Problem description: List each line of the data that holds the word "Autumn".

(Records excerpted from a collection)
===

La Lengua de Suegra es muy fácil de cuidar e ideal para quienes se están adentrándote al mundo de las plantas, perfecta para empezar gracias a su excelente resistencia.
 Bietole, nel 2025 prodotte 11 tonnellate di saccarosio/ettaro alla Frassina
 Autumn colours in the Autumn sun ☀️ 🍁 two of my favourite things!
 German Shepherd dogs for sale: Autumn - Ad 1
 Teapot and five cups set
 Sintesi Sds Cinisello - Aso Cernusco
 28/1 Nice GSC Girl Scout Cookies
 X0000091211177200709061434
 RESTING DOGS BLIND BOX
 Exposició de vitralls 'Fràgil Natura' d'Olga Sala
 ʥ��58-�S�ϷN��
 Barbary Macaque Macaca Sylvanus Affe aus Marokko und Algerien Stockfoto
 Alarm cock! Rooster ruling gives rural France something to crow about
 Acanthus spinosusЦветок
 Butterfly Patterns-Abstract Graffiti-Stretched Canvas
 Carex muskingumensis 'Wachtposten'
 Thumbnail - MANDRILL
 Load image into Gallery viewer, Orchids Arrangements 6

===

Result for this exercise:
 Autumn colours in the Autumn sun ☀️ 🍁 two of my favourite things!
 German Shepherd dogs for sale: Autumn - Ad 1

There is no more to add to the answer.